An example GetEntitlements request:
{
"entities": [
{
"id": "e1",
"emailAddress": "alice@example.com",
"category": "CATEGORY_SUBJECT"
},
{
"id": "e2",
"userName": "bob",
"category": "CATEGORY_SUBJECT"
}
],
"scope": {
"attributeValueFqns": [
"https://example.com/attr/attr1/value/value1",
"https://example.com/attr/attr1/value/value2"
]
}
}
The first input is a list of entities as defined above. The second is an optional attribute scope; if provided, the service will only return the entitlements contained within the specified scope. The attributes provided in the scope must be formatted as FQNs.
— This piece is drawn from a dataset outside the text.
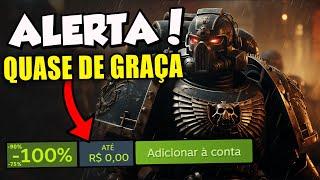 ALERTA ️- Jogo de R$229 por R$9.11, STALKER 2, Remnant 2 e MAIS.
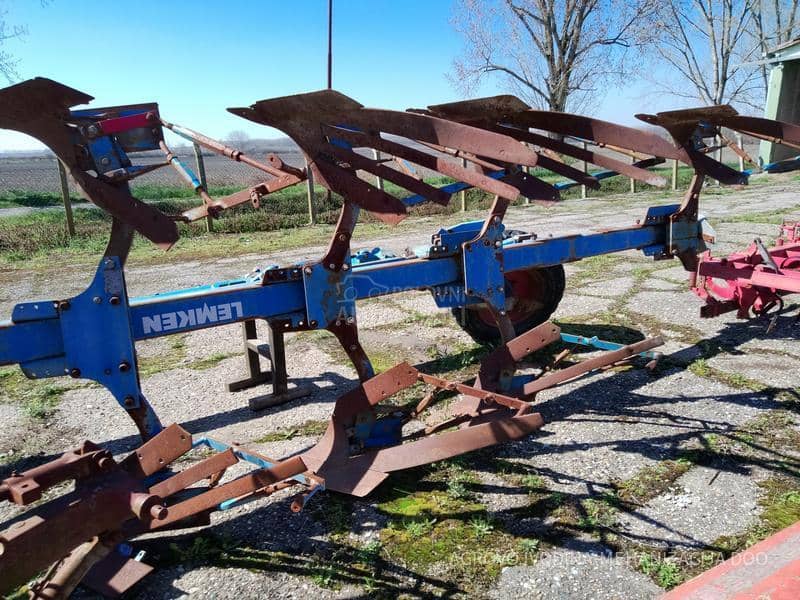 Lemken Diamant 10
Below is an example response to the above GetEntitlements request:
{
"entitlements": [
{
"entity_id": "e1",
"attribute_value_fqns": [
"https://example.com/attr/attr1/value/value1"
]
},
{
"entity_id": "e2",
"attribute_value_fqns": [
"https://example.com/attr/attr1/value/value1",
"https://example.com/attr/attr1/value/value2"
]
}
]
}
The entities in the response can be mapped back to the original input using the entity ID. The "attribute_value_fqns" field includes a list of attribute FQNs to which that particular entity has been entitled. If no scope was provided, this field will include ALL of the attribute entitlements for that entity.
GetDecisions
The GetDecisions
endpoint evaluates access control rules for one or more entity chains and resources. It checks whether entities have permission to perform specified actions on resources, based on provided attributes.
An example GetDecisions
request looks like this:
{
"decisionRequests": [
{
"actions": [
{
"standard": "STANDARD_ACTION_DECRYPT"
}
],
"entityChains": [
{
"entities": [
{
"id": "e1",
"emailAddress": "bob@example.com",
"category": "CATEGORY_SUBJECT"
},
{
"id": "e2",
"userName": "alice",
"category": "CATEGORY_SUBJECT"
}
],
"id": "ec1"
},
{
"entities": [
{
"id": "e1",
"clientId": "client1",
"category": "CATEGORY_ENVIRONMENT"
}
],
"id": "ec2"
}
],
"resourceAttributes": [
{
"attributeValueFqns": [
"https://example.com/attr/attr1/value/value1"
],
"resourceAttributesId": "ra-set-1"
},
{
"attributeValueFqns": [
"https://example.com/attr/attr1/value/value2",
"https://example.com/attr/attr1/value/value3"
],
"resourceAttributesId": "ra-set-2"
}
]
}
]
}
In this example, there are two entity chains: one with users Bob and Alice (both categorized as subject entities) and the other with Client1 (categorized as an environment entity). The request evaluates whether these entity chains have permission to DECRYPT two resources with specific attributes.
An example GetDecisions
response:
{
"decision_responses": [
{
"entity_chain_id": "ec1",
"resource_attributes_id": "ra-set-1",
"action": {
"standard": "STANDARD_ACTION_DECRYPT"
},
"decision": "DECISION_DENY",
"obligations": []
},
{
"entity_chain_id": "ec2",
"resource_attributes_id": "ra-set-1",
"action": {
"standard": "STANDARD_ACTION_DECRYPT"
},
"decision": "DECISION_PERMIT",
"obligations": []
},
{
"entity_chain_id": "ec1",
"resource_attributes_id": "ra-set-2",
"action": {
"standard": "STANDARD_ACTION_DECRYPT"
},
"decision": "DECISION_PERMIT",
"obligations": []
},
{
"entity_chain_id": "ec2",
"resource_attributes_id": "ra-set-2",
"action": {
"standard": "STANDARD_ACTION_DECRYPT"
},
"decision": "DECISION_PERMIT",
"obligations": []
}
]
}
In this response, there are four entries — one for each combination of entity chain and resource attribute set. The decision determines whether an entity chain is permitted to access resources with a given attribute set. For example, Bob and Alice do not have access to "ra-set-1", but Client1, being an environment entity, is automatically granted DECISION_PERMIT because environment entities are excluded from attribute-based decisions.